= Black Beats =

Ghanaian band

Black Beats were a Ghanaian highlife band formed in 1952 by trumpeter King Bruce and tenor saxophonist Saka Acquaye. The group was known for combining traditional West African music with elements of swing and jazz.

== Formation ==
Black Beats were formed by King Bruce, a trumpeter and Saka Acquaye, a saxophonist. The group emerged during a period when Ghana (then the Gold Coast) was experiencing a surge in musical activity, with highlife becoming a central part of urban entertainment culture. Inspired by African-American swing music and performers such as Louis Jordan, the band adopted a musical style that emphasized both rhythm and vocal harmonies.

Black Beats were more focused on vocals in contrast to other Ghanaian bands at the time who played instrumental dance music and dominated the instrumental lineup, distinguishing their style from other highlife bands of the time like E.T. Mensah and the Tempos.

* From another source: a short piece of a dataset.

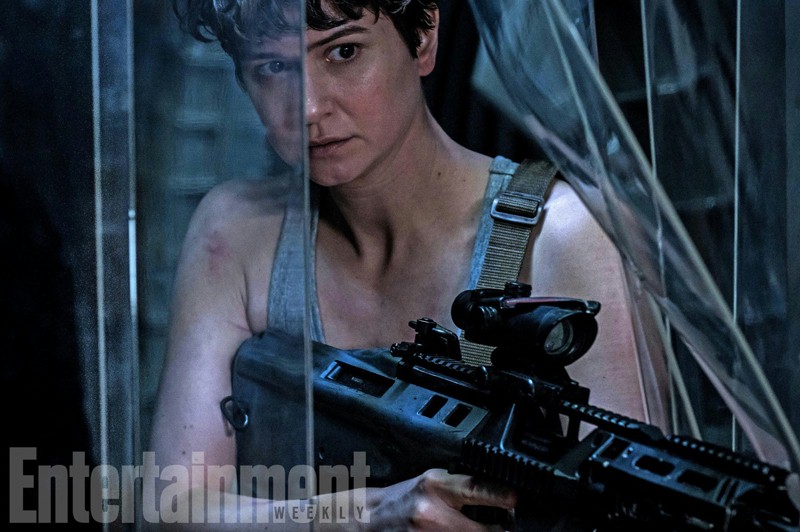 FOTO: Bohaterka nowego "Obcego" gotowa na spotkanie z xenomorphem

After some leading members of the band left in 1961, a second generation of Black Beats was formed headed by Sammy Oddoh this time.

== Career ==
From the 1950s through the 1960s, Black Beats recorded and performed extensively in Ghana and other West African countries. They were signed to several major labels, including His Master’s Voice (HMV), Decca, Philips, and Senafone.

Their early recordings included songs such as:

- "Teemon Sane"
- "Nkuse Mbaa Dong"
- "Agoogyl"
- "Srotoi Ye Mli"
- "Nomo Noko"

These songs were composed using traditional Ghanaian themes and languages, combined with Western musical structures. The group’s ability to merge different musical traditions allowed them to appeal to diverse audiences across Ghana’s urban centers.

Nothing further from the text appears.